**Data shown**
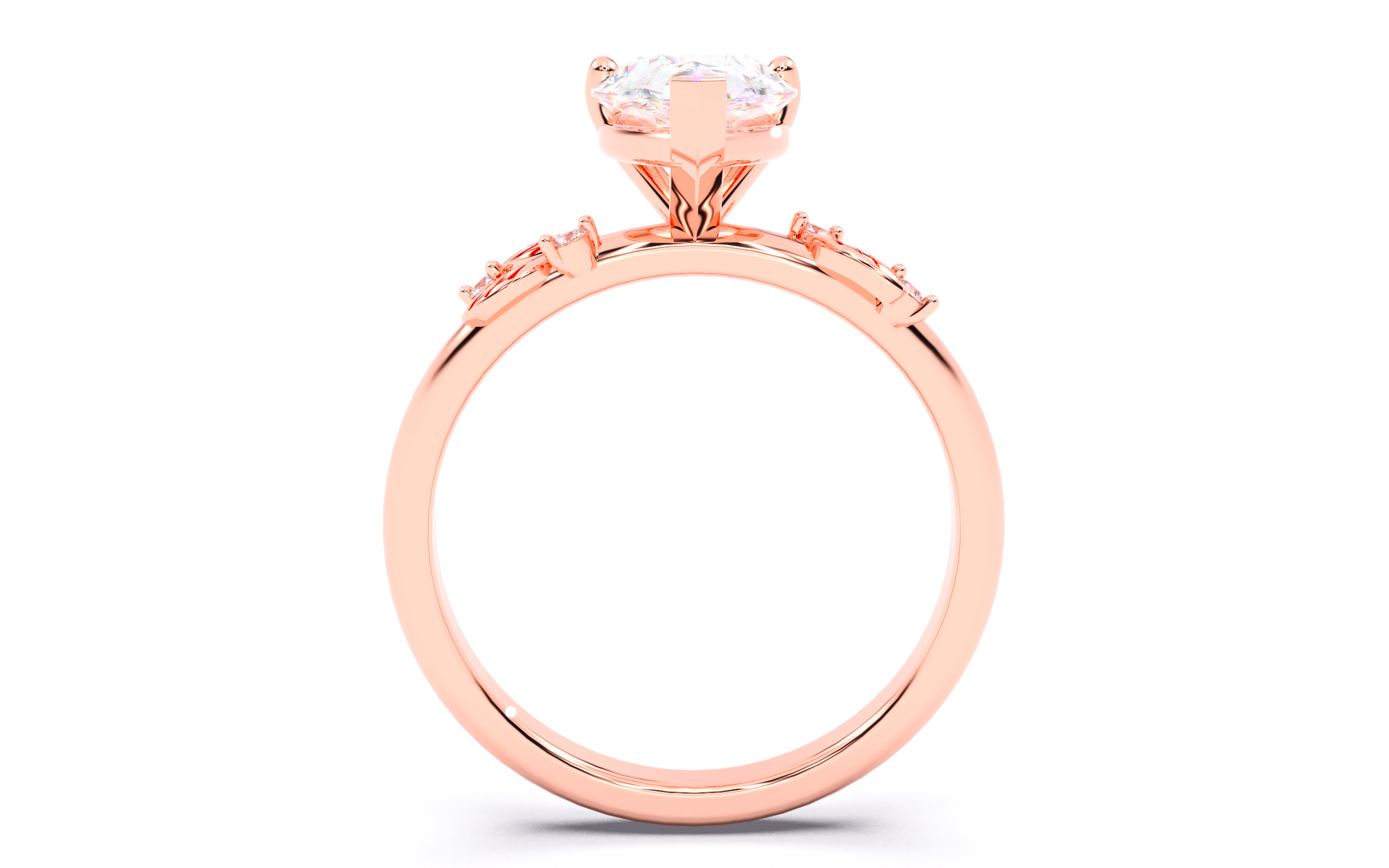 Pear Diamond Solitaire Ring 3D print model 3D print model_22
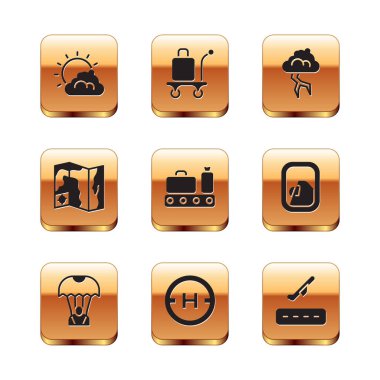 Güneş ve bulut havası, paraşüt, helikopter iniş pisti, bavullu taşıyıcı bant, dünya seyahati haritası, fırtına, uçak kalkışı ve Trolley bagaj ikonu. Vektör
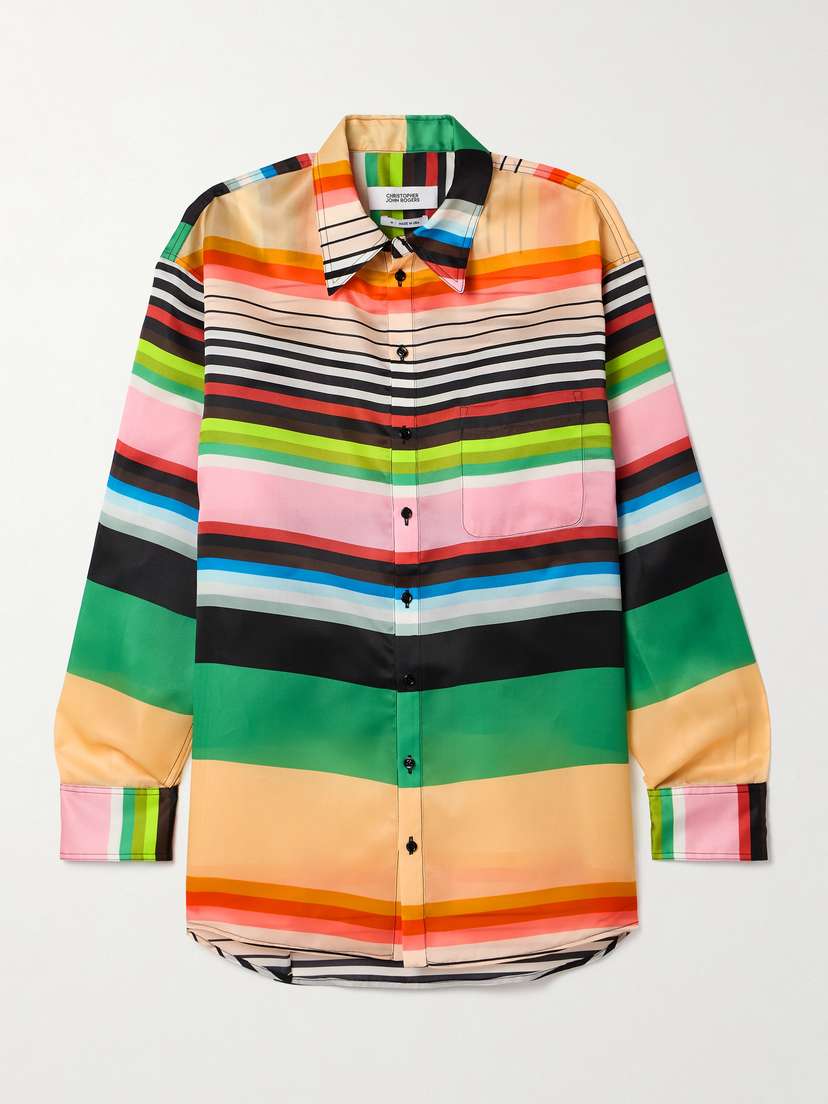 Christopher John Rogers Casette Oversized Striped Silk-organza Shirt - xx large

**Activity**
An exact transcription of the material is required, without any pictures.

**Exercise response**
 Pear Diamond Solitaire Ring 3D print model 3D print model_22
 Güneş ve bulut havası, paraşüt, helikopter iniş pisti, bavullu taşıyıcı bant, dünya seyahati haritası, fırtına, uçak kalkışı ve Trolley bagaj ikonu. Vektör
 Christopher John Rogers Casette Oversized Striped Silk-organza Shirt - xx large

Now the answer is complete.